Which to me, it even copies the \0 from source to destination.

And I have also seen this version:

// Move the assignment into the test
void strcpy2(char dest[], const char source[]) 
{
    int i = 0;
    while ((dest[i] = source[i]) != '\0')
    {
        i++;
    } 
}

Which to me, it will break when trying to assign \0 from source to dest.

What would be the correct option, copying \0 or not?

Answer 1

The code should look like as follows:

char * strcpy(char *strDest, const char *strSrc)
{
    assert(strDest!=NULL && strSrc!=NULL);
    char *temp = strDest;
    while(*strDest++ = *strSrc++); // or while((*strDest++=*strSrc++) != '\0');
    return temp;
}

You can NOT delete the second line char *temp = strDest; and directly return strDest. This will cause error for the returned content. For example, it will not return correct value (should be 22) will checking the length of returned char *.

char src_str[] = "C programming language";
char dst_str[100];
printf("dst_str: %d\n", strlen(strcpy(dst_str, src_str)));

Answer 2

You're wrong. Both copy the \0 (NUL terminator) character. You have to copy the NUL terminator character always or your string will be broken: you'll never know when/where it ends.

Answer 3

Both copy the terminator, thus both are correct.

strcpy2() does the copying first, then the compares. Thus it will copy the terminator and stops.

The functions whose names start with str are reserved, so use any other variables or naming types

Answer 4

It is recommended not to advance the input pointers to the source and destination memory spaces, since the pointers will be used in main right away.
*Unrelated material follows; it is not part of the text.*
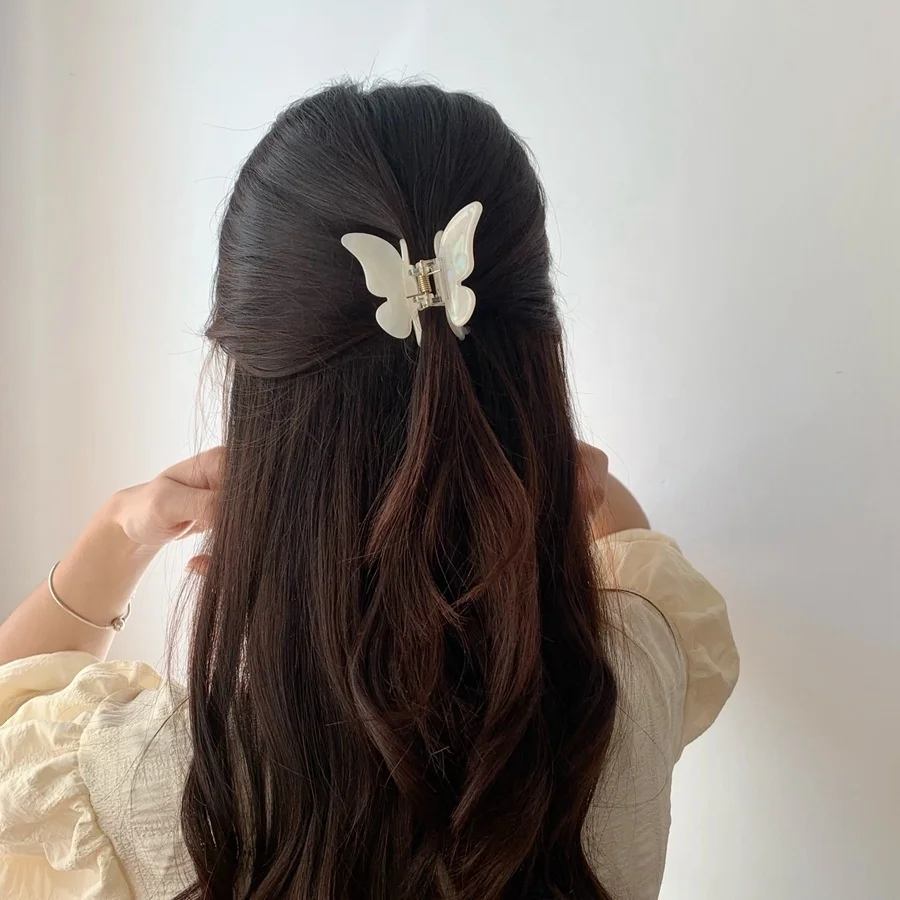 Butterfly Design Sweet Style Hair Claw Yirtree Acrylic Butterfly Hair Claws Butterfly Tortoise  main image 3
I've mentioned alternate methodical syntax, where in case someone might wonder the code output.

void strcpy1(char * s, char * p)
{
    char * temp1 = s;
    char * temp2 = p;
    while(*temp1 != '\0')
    {
        *temp2 = *temp1;
        temp1++;
        temp2++;
    }
    *temp2 = '\0';
}

void main()
{
    char * a = "Hello";
    char b[10];

    strcpy1(a,b);
    printf("%s", b);
    
    return 0;
}

Answer 5

Both strcpy1() and strcpy2() does the same. Both copy the NUL character to the end of the destination array.

Answer 6

Here is full implementation. You do not have to consider the \0 at the end in the first string, it will be copied automatically from the second string as per logic

//str copy function self made
char *strcpynew(char *d, char *s){
   char *saved = d;
   while ((*d++ = *s++) != '\0');

   return saved; //returning starting address of s1
}

//default function that is run by C everytime
int main(){

    //FOR STRCPY 
    char s1[] = "rahul"; //initializing strings
    char s2[] = "arora"; //initializing strings
    strcpynew(s1, s2);
    printf("strcpy: %s\n", s1); //updated string after strcpy
}

Answer 7

You can use this code, the simpler the better ! Inside while() we copy char by char and moving pointer to the next. When the last char \0 will pass and copy while receive 0 and stop.

    void StrCopy( char* _dst, const char* _src )
    {
       while((*_dst++ = *_src++));
    }

Answer 8

char * strcpy(char *strDest, const char *strSrc)
{
    assert(strDest!=NULL && strSrc!=NULL);
    assert(strSrc + strlen(strSrc) < d || strSrc > strDest);  // see note

    char *temp = strDest;
    while(*strDest++ = *strSrc++)
        ;
    return temp;
}

// without the check on line 4, the new string overwrites the old including the null deliminator, causing the copy unable to stop.